It’s been one year since the city of Los Angeles began collecting money from a voter-approved tax on high-priced property sales. The measure’s goal was to raise up to $1 billion annually for new affordable housing and tenant protections. So far, results have been mixed.
Measure ULA levies a 4% tax on L.A. properties selling for $5 million or more, and a 5.5% tax on properties selling for $10 million or more. So far, revenue generated has come in far below initial projections, raising just $215 million since taking effect in April 2023. That’s a fraction of the $600 million to $1.1 billion voters were originally told the tax could yield.
Some housing policy experts also see signs that the tax could be deterring new development in a city that, under state law, needs to plan for nearly half a million new homes by 2029.

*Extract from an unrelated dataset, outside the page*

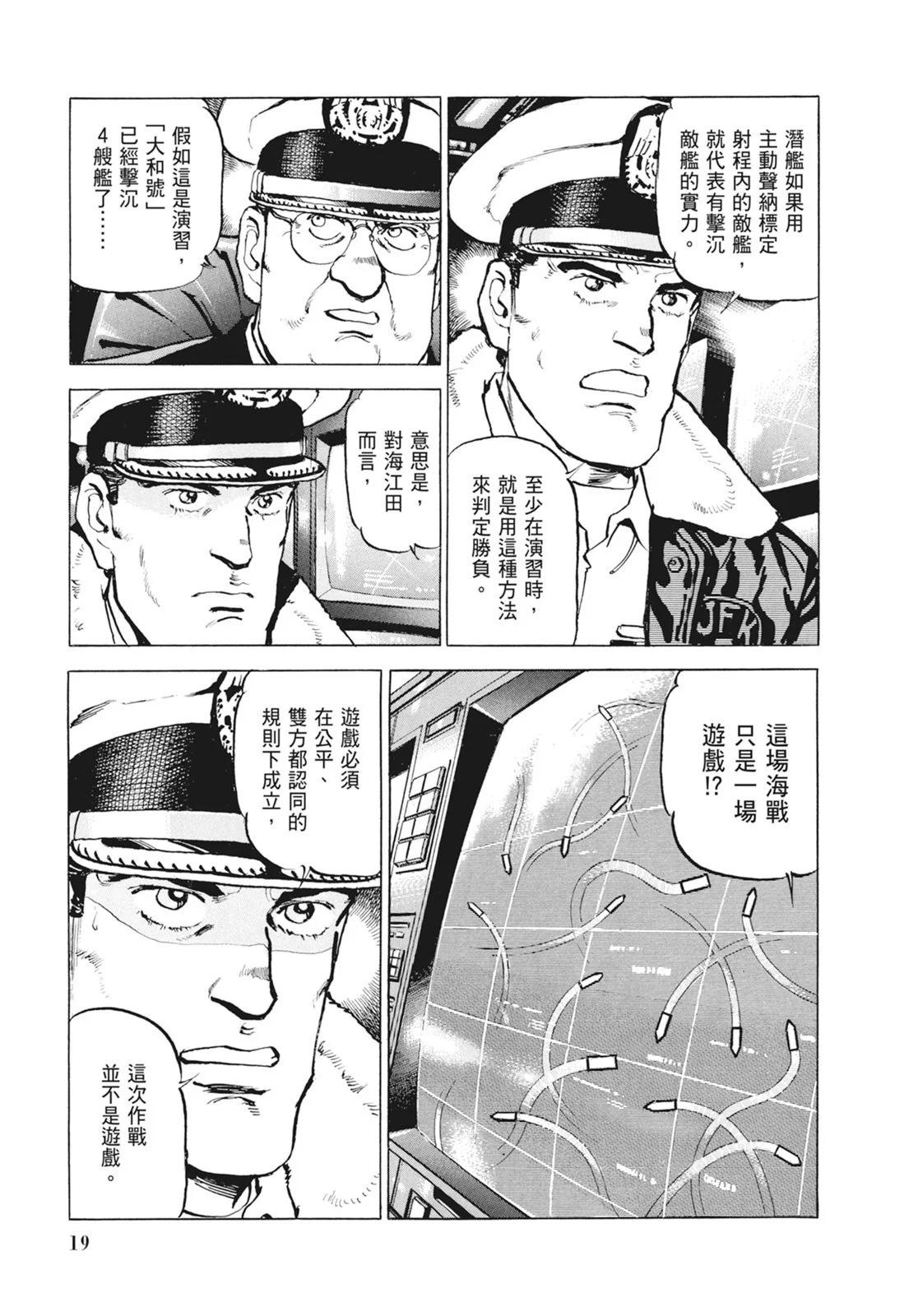 《沉默的舰队》新装版09卷 第21页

On the positive side, proponents say ULA funding has so far supported hundreds of proposed affordable housing units and staved off thousands of evictions by providing rent relief to tenants.
“Measure ULA has already proven to be one of the greatest revenue sources L.A. has ever seen for affordable housing,” said Joe Donlin, director of the United to House L.A. coalition, which backed the measure.
ULA has raised more in its first year than other initiatives, such as the city’s Measure HHH, which collected about $120 million per year for the development of permanent supportive apartments for the unhoused, Donlin said. A rush to sell off top-dollar homes before the tax took effect last year dampened revenues, he said, but ULA collections are on an upward trend.
“We think that trend is going to continue and it’s just going to…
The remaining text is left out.